At the same time, this is a very valuable resource, though, as we have seen, there are some particulars in which it could be improved. We can hope that both the book and this review will prove useful to whoever writes a definitive work on the subject.

**21.4. Review by: Alexander Lubotzky.**

*Bulletin of the American Mathematical Society*

**56**(2) (2019), 361-366.

The beautiful book of Terry Tao starts with the following words:

[see Preface above]

Indeed, expander graphs have emerged as the area with the most fruitful interactions between computer science and pure mathematics. In computer science, expanders appear everywhere as basic building blocks of (communication) networks, in algorithms, derandomization, error correcting codes, and much more. The reader is referred to [Shlomo Hoory, Nathan Linial, and Avi Wigderson,

*Expander graphs and their applications*(2006)] for an excellent survey (though in the last decade since it was written, so much more has been done that an updated version will be a welcome addition to the literature). The current book gives the story from a different angle: the importance of expander graphs in pure mathematics and the use of pure mathematics to further advance the theory of expanders. In this sense this book follows [Alexander Lubotzky,

*Discrete groups, expanding graphs and invariant measures*(1994)], but so much has been done in the last twenty-five years, and the theory went to some totally unexpected directions, that except for some similarity in the early chapters, the books are very different.

Reviewing this book gives an opportunity to describe the fascinating development this area has made in the last decades. In spite of (or maybe because) I am personally involved in this process, going over this book was, for me, a wonderful journey in a beautiful interdisciplinary mathematics.

...

In summary, this wonderful book describes, in a readable fashion, an active area of mathematics whose beauty is also due to the fact that it is very interdisciplinary. The author dedicates almost half of the 300 pages to six appendices on various subjects, where each one is a lovely, short course in itself which helps in reading the main part of the book.

I must end with a personal remark. The book appeared in the series Graduate Studies in Mathematics of the AMS, and as such it is indeed suitable for a pretty advanced graduate course. I have been involved in this area for the last thirty years, still I am learning a lot from this book. This is an outstanding exposition by one of the most outstanding mathematicians of our generation, which can be read at several different levels.

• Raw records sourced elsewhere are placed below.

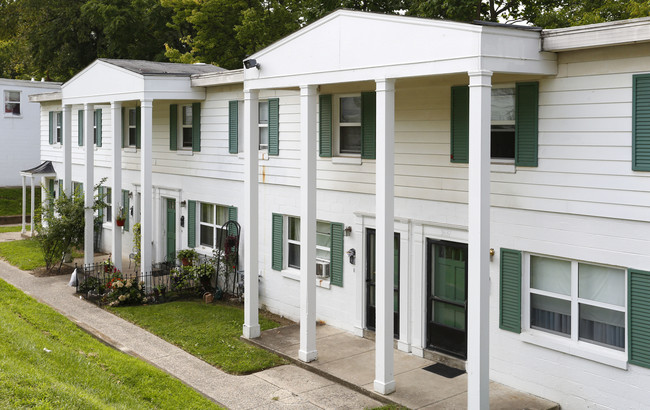 Colonial Village in Cincinnati, OH - Building Photo - Building Photo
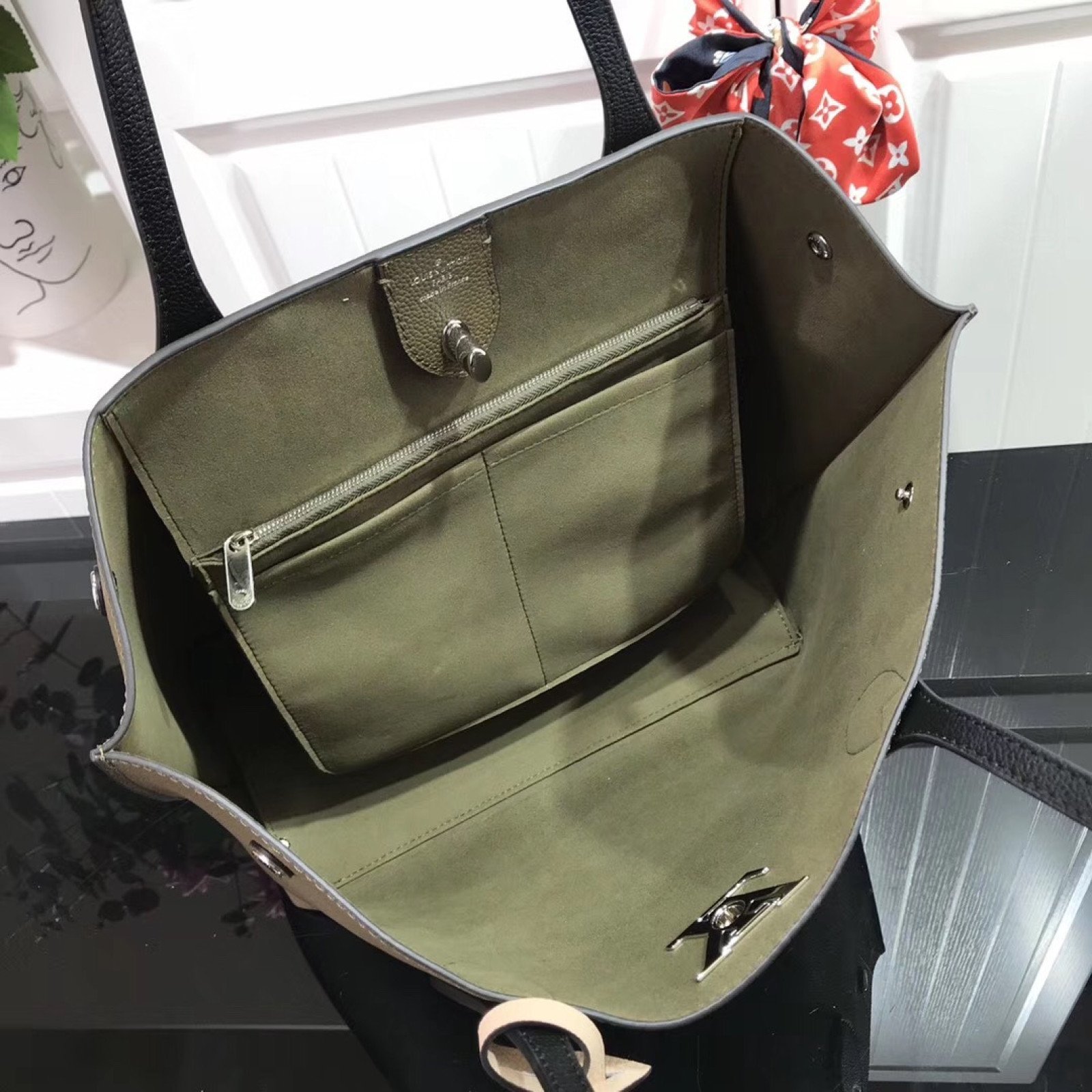 LV LOCKME GO M55028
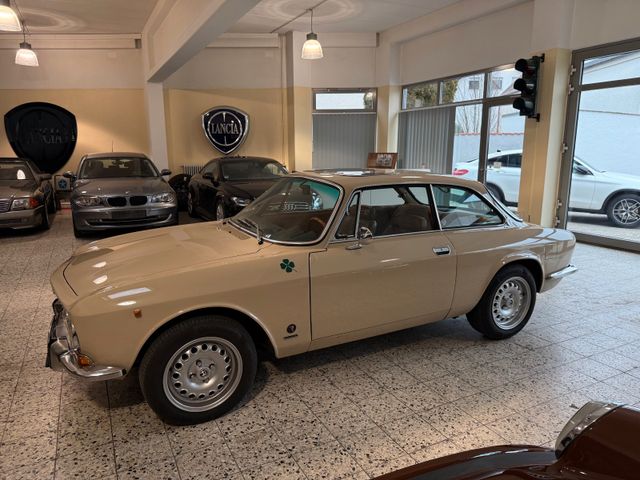 Alfa Romeo GTV 2000 Veloce°131 PS°H-ZULASSUNG°Top Zustand°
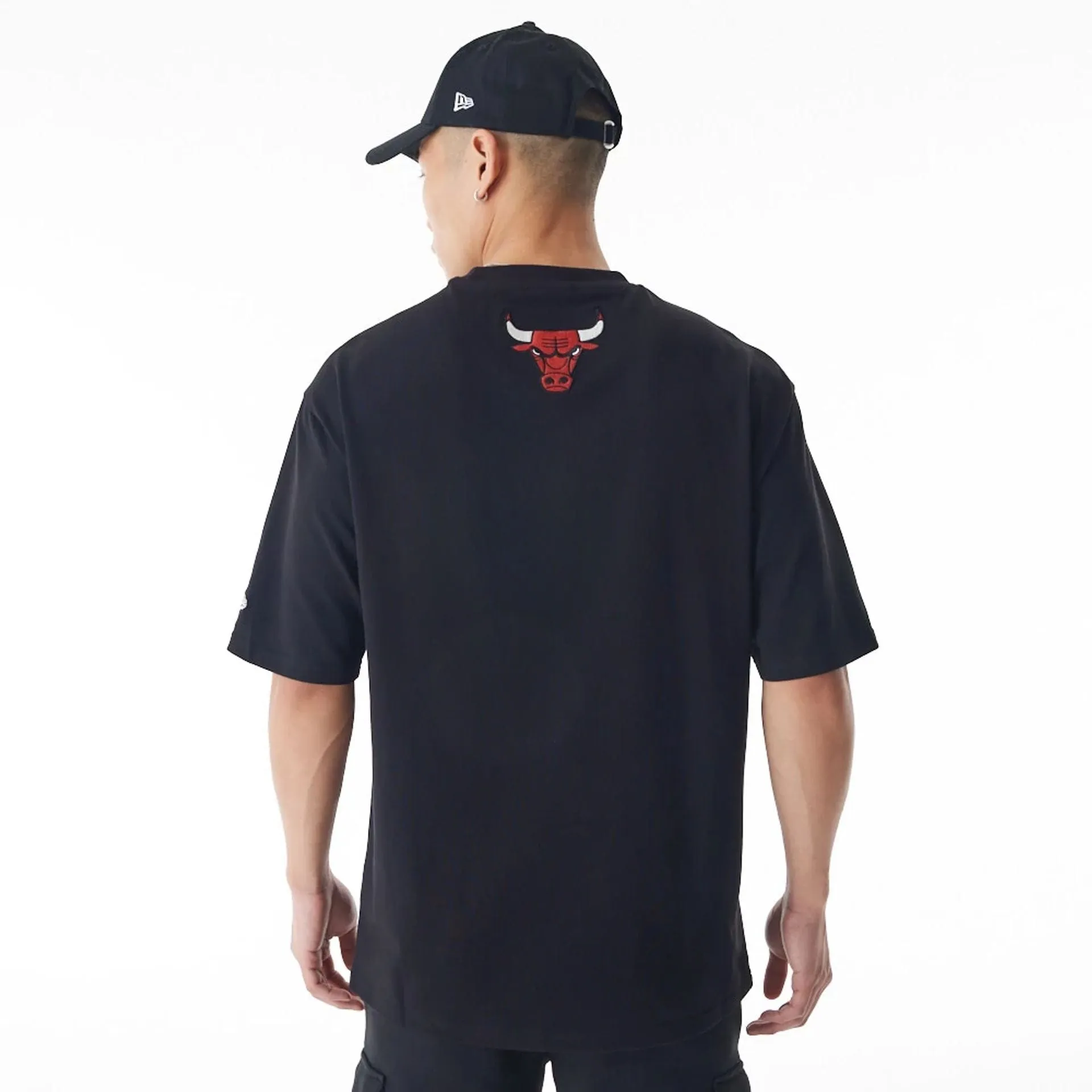 Chicago Bulls NBA Lifestyle Black T-Shirt Cozy Layers Set In Sleeve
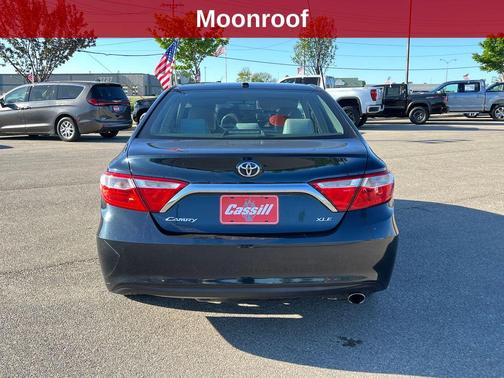 Midnight Black Metallic 2016 Toyota Camry XLE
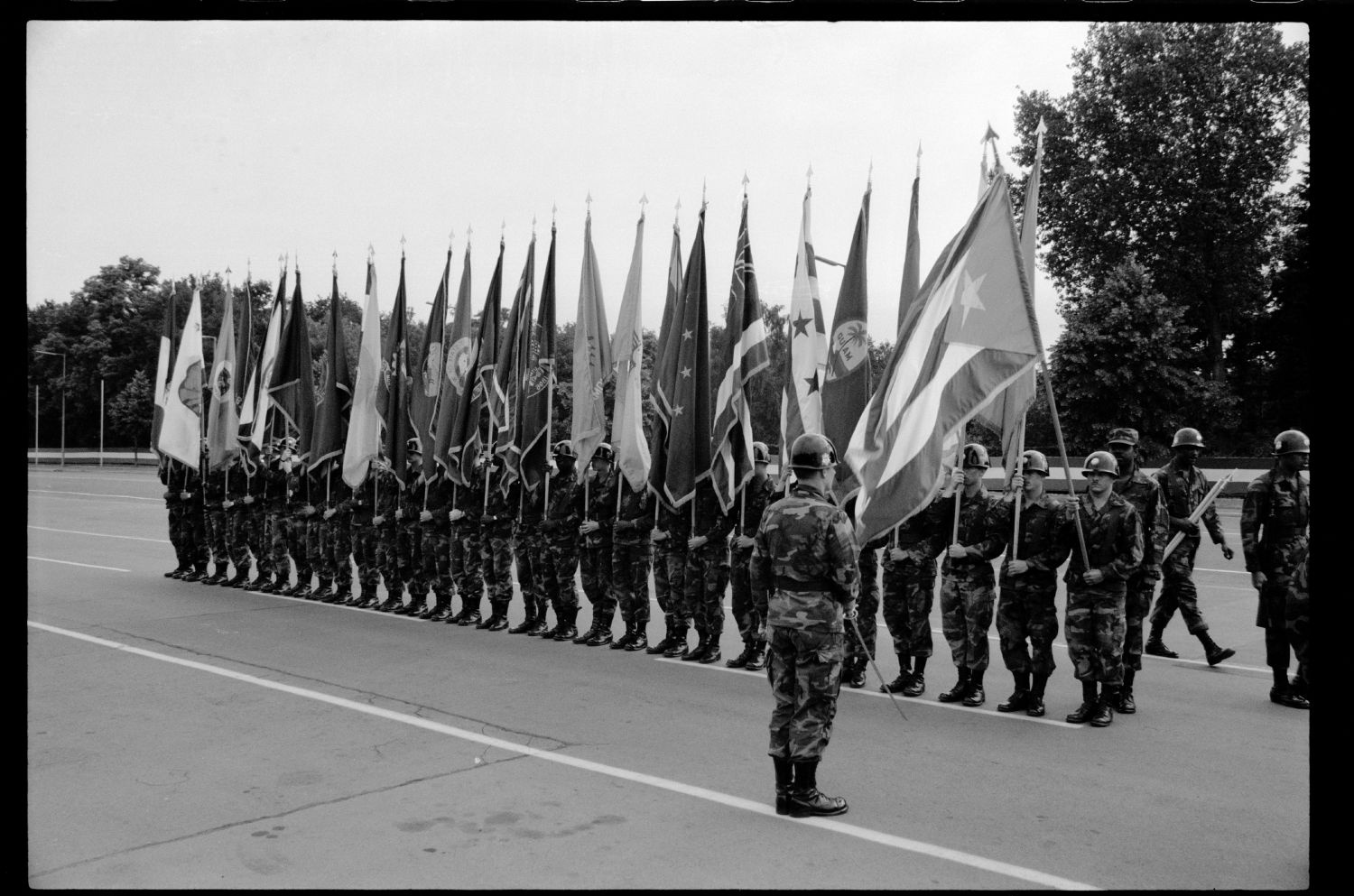 s/w-Fotografie: Recognition Day der U.S. Army Berlin Brigade in Berlin-Lichterfelde (AlliiertenMuseum/U.S. Army Photograph Public Domain Mark)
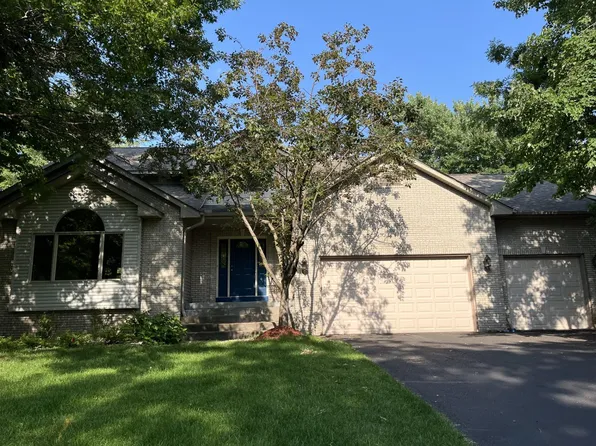 11019 Zumbrota Ct NE, Blaine, MN 55449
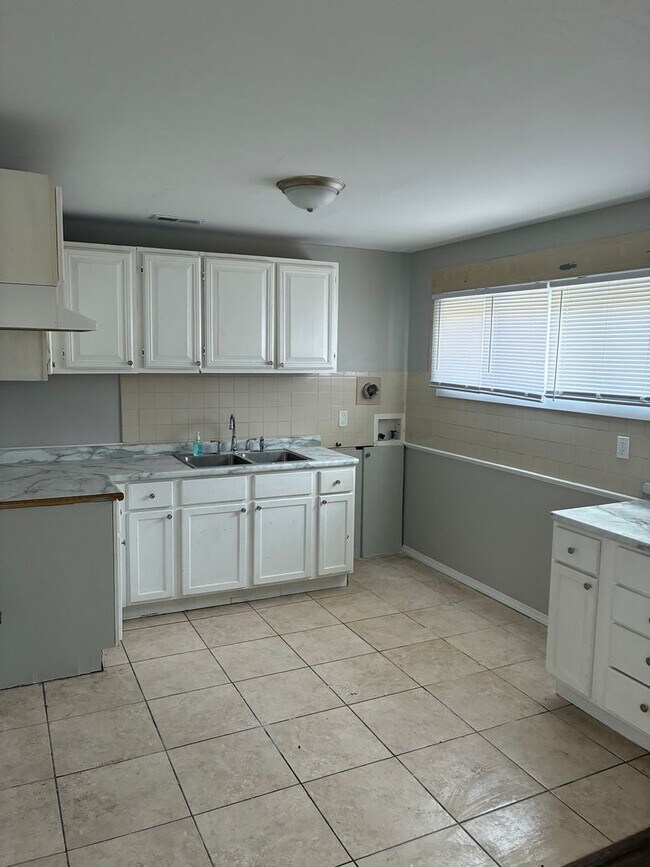 Foto del edificio - 3 Bedroom Home with Fenced Backyard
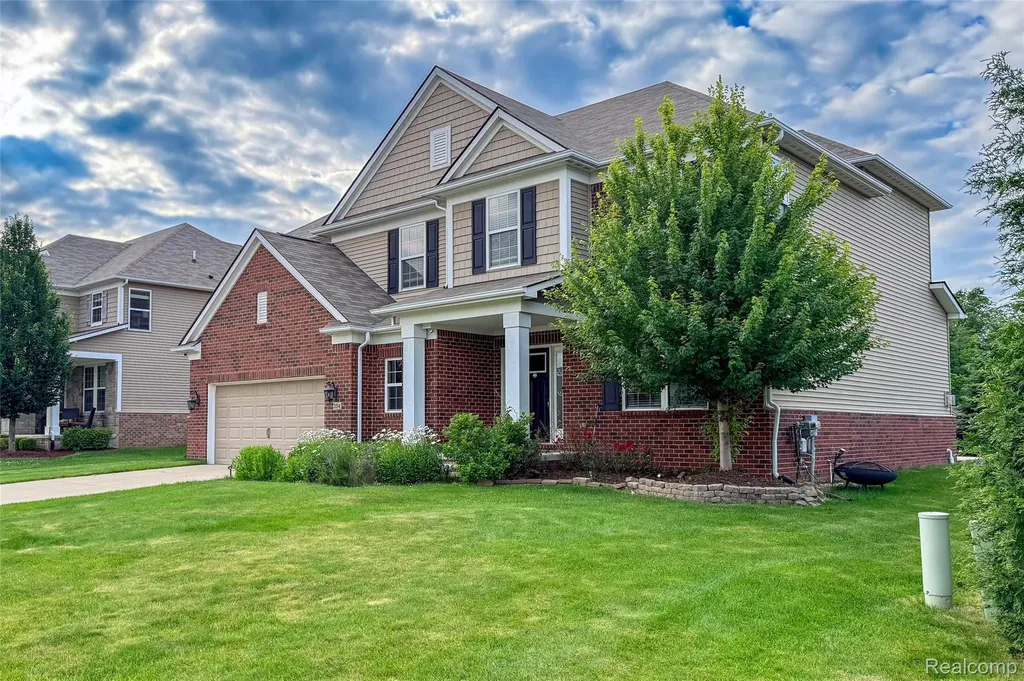 354 Findley Circle Lake Orion Village MI 48360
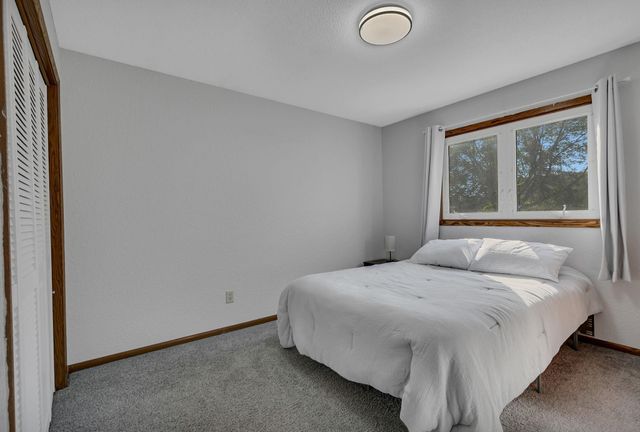 402 15th Street N, Sartell, MN 56377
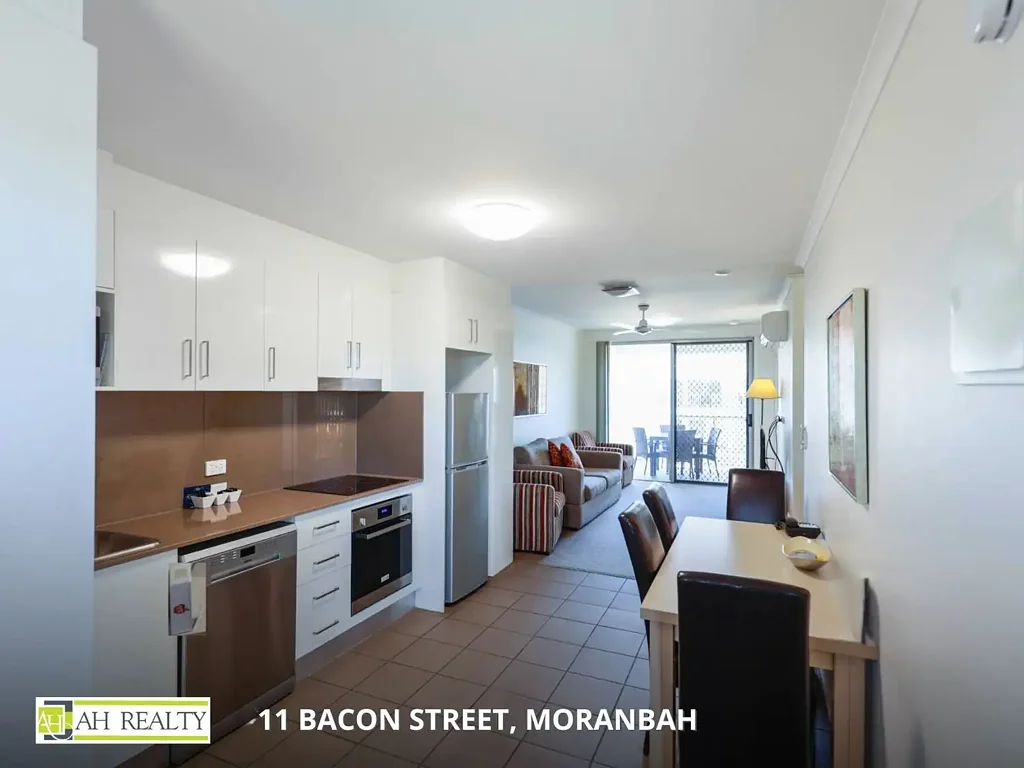 MODERN, EXECUTIVE ,FURNISHED 2 BED 2 BATH TO RENT - IN THE OAKS APARTMENTS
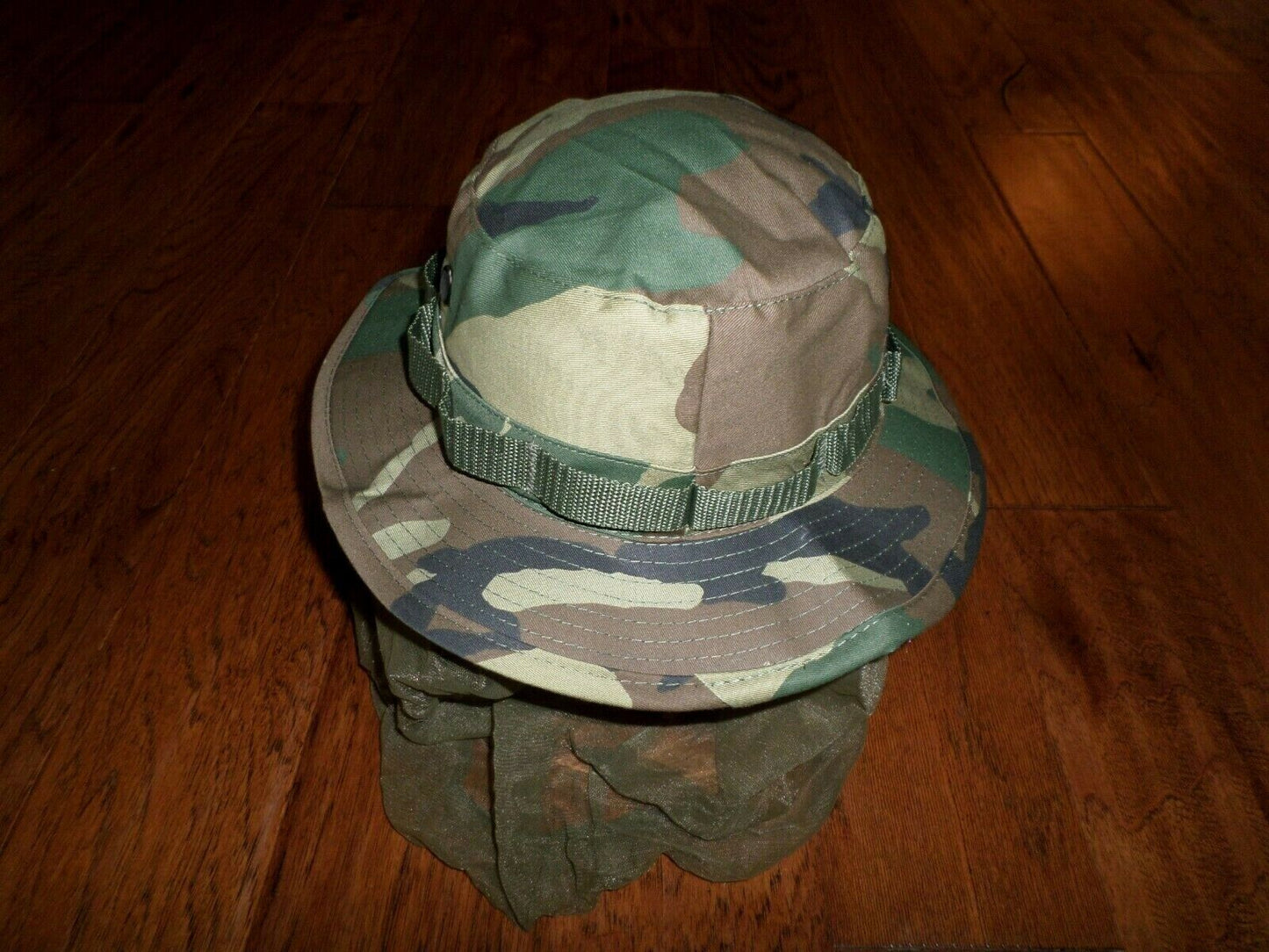 WOODLAND CAMOUFLAGE MILITARY STYLE BOONIE HAT WITH MOSQUITO INSECT NETTING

**22. Terence Tao, Analysis. I (Fourth edition) (Hindustan Book Agency, New Delhi, 2022).**

**22.1. From the Publisher.**

This is part one of a two-volume introduction to real analysis and is intended for honours undergraduates who have already been exposed to calculus. The emphasis is on rigour and on foundations. The material starts at the very beginning - the construction of the number systems and set theory - then goes on to the basics of analysis (limits, series, continuity, differentiation, Riemann integration), through to power series, several variable calculus and Fourier analysis, and finally to the Lebesgue integral. These are almost entirely set in the concrete setting of the real line and Euclidean spaces, although there is some material on abstract metric and topological spaces. There are also appendices on mathematical logic and the decimal system. The entire text (omitting some less central topics) can be taught in two quarters of twenty-five to thirty lectures each.

The course material is deeply intertwined with the exercises, as it is intended that the student actively learn the material (and practice thinking and writing rigorously) by proving several of the key results in the theory.

The fourth edition incorporates a large number of corrections reported since the release of the third edition, as well as some new exercises.

**23. Terence Tao, Analysis. II (Fourth edition) (Hindustan Book Agency, New Delhi, 2022).**

**Note.**

The Publisher gives the same information as for Analysis I.